PROBLEM TO SOLVE - An exact copy of all the data, minus the images, is required.

DATA SECTION -
════════════════════
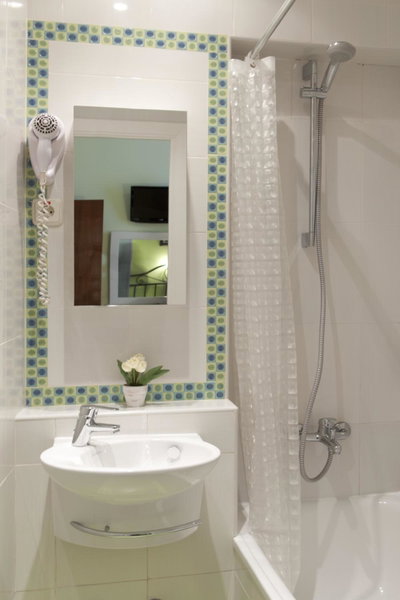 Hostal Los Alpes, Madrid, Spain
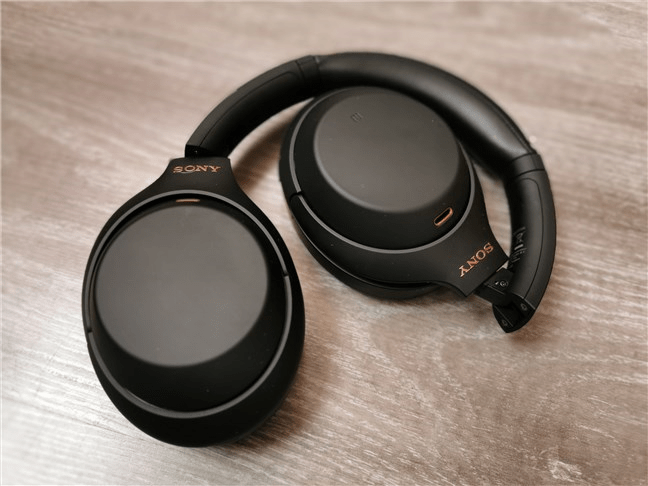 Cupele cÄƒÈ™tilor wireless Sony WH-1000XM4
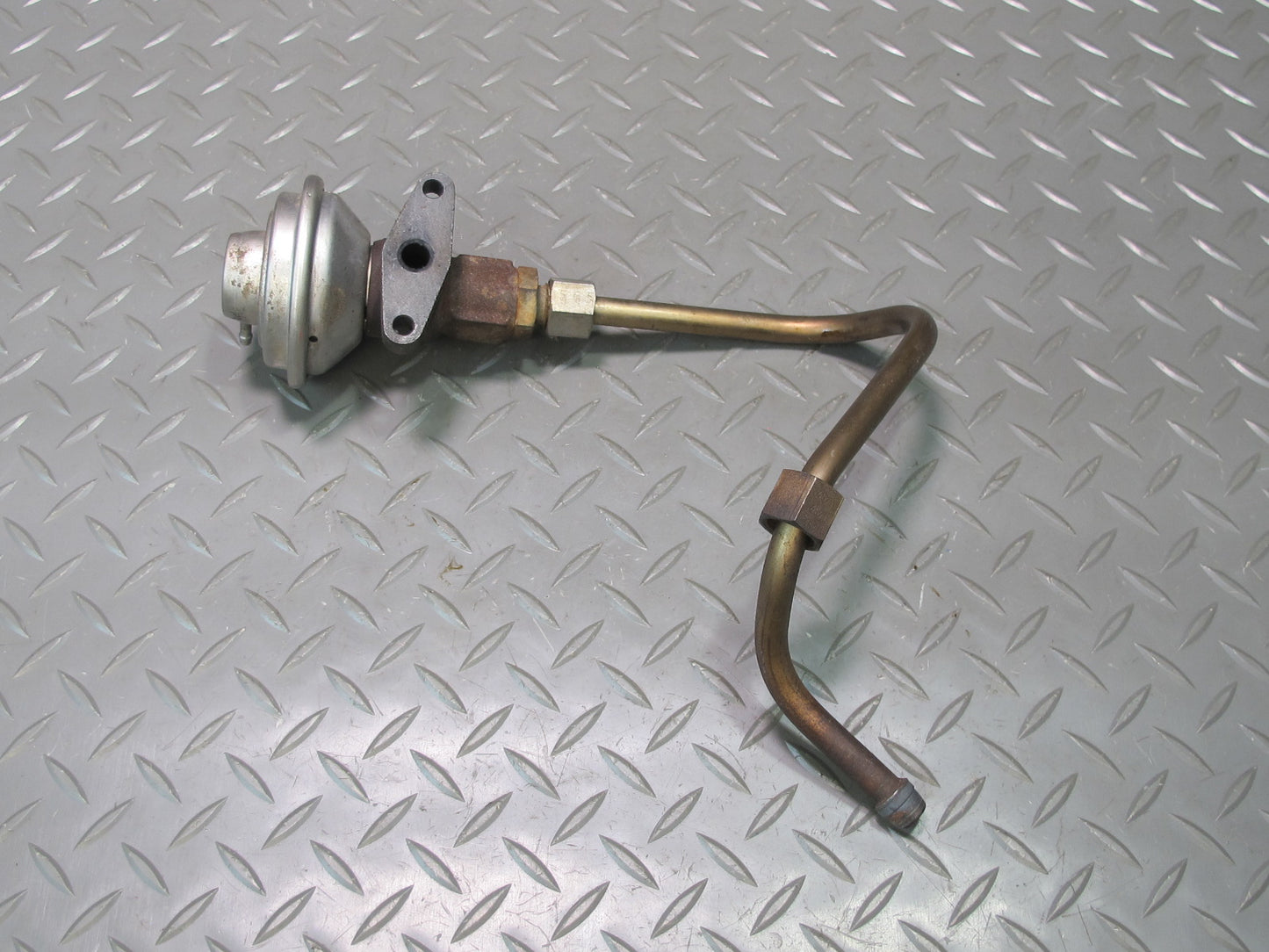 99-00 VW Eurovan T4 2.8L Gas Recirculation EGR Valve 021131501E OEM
════════════════════
SOLUTION FOR THIS TASK -
 Hostal Los Alpes, Madrid, Spain
 Cupele cÄƒÈ™tilor wireless Sony WH-1000XM4
 99-00 VW Eurovan T4 2.8L Gas Recirculation EGR Valve 021131501E OEM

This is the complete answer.